▸ **YOUR ASSIGNMENT**: Leave out the images; return the rest of the data exactly.

▸ **SUPPLIED MATERIAL**:
════════
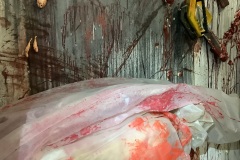 Bloody-Luan-Panels-and-Body-Bags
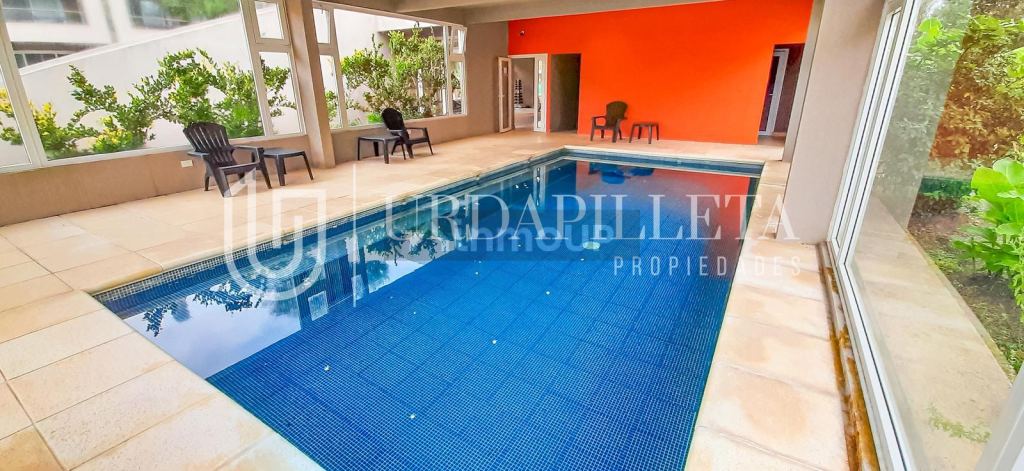 Departamento en Alquiler en Pilar, G.B.A. Zona Norte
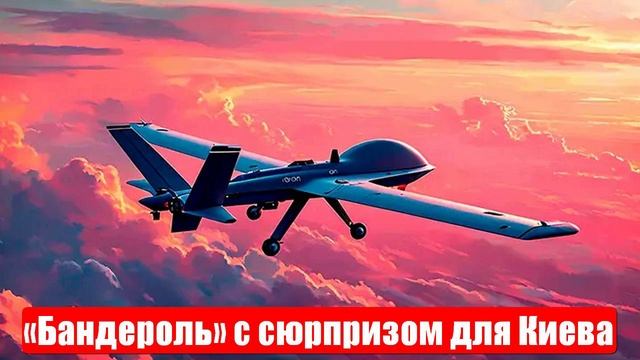 СВО. Ошибки учтены. Прорыв границы. Довод Зеленского. «Бандероль». 14.05.2025. Спецоперация смотреть онлайн
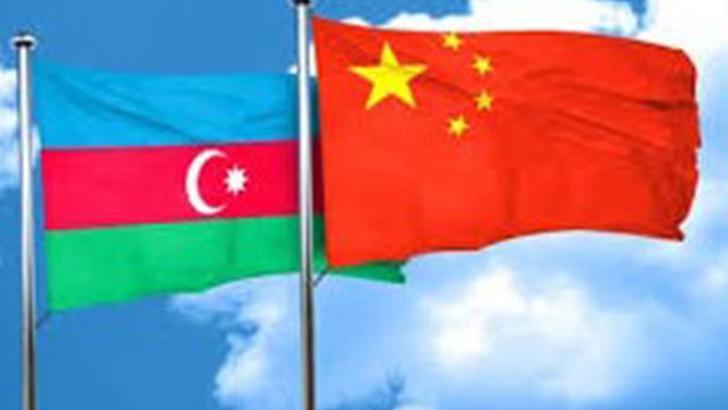 Azerbaycan ile Çin arasındaki vize muafiyeti anlaşması onaylandı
════════
▸ **ANSWER AREA**:
 Bloody-Luan-Panels-and-Body-Bags
 Departamento en Alquiler en Pilar, G.B.A. Zona Norte
 СВО. Ошибки учтены. Прорыв границы. Довод Зеленского. «Бандероль». 14.05.2025. Спецоперация смотреть онлайн
 Azerbaycan ile Çin arasındaki vize muafiyeti anlaşması onaylandı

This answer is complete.